In the entries below, find the line with "Bed & Breakfast" and the line with "Prydnadskuddar Allium set"; give again those lines and every line between them, exactly.

═════ Data supplied ═════

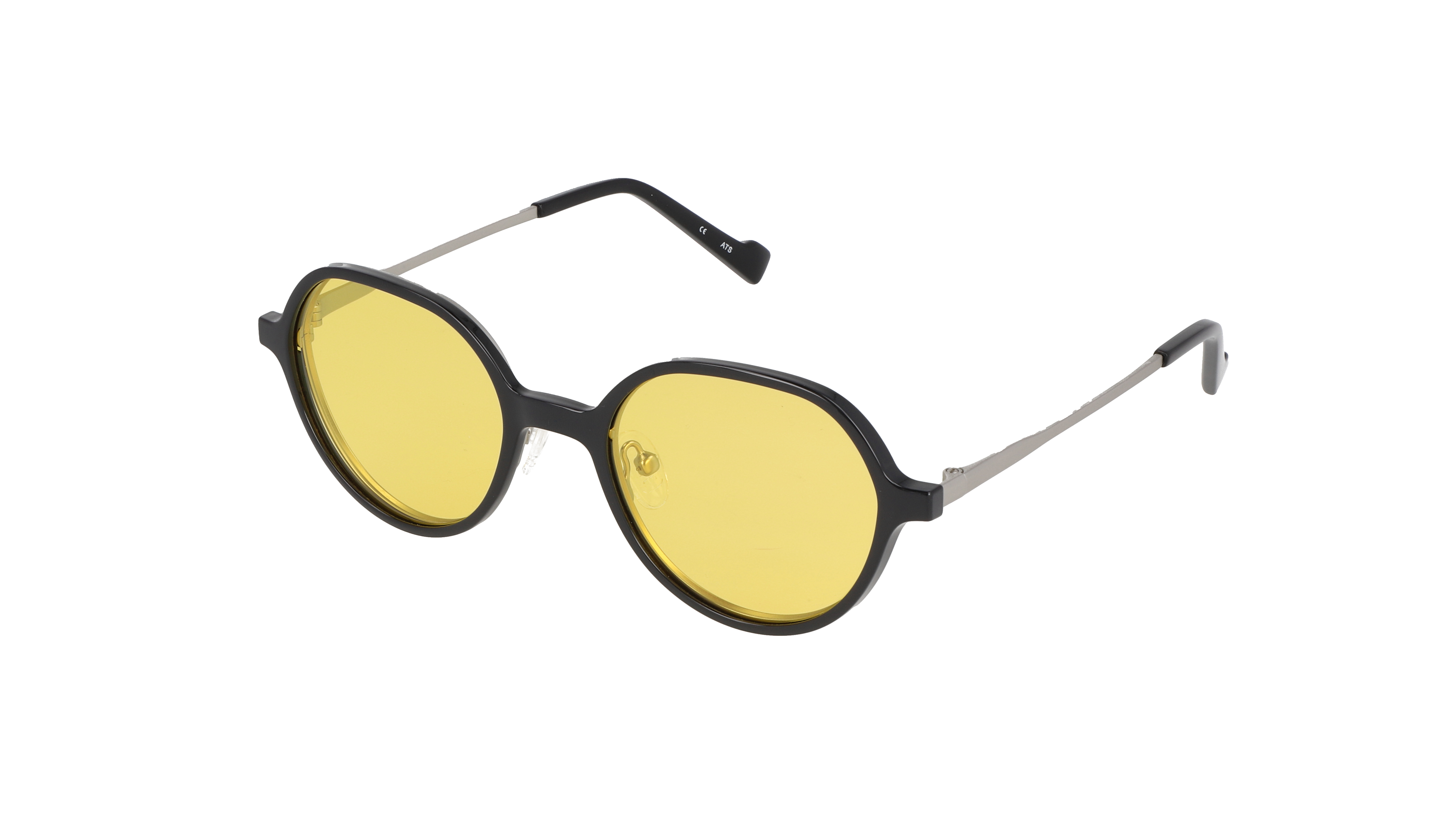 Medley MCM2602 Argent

═════
═════ Data supplied ═════

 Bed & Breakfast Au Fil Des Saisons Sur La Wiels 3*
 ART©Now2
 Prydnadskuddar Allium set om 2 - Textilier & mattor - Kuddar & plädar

═════

### Exercise result
 Bed & Breakfast Au Fil Des Saisons Sur La Wiels 3*
 ART©Now2
 Prydnadskuddar Allium set om 2 - Textilier & mattor - Kuddar & plädar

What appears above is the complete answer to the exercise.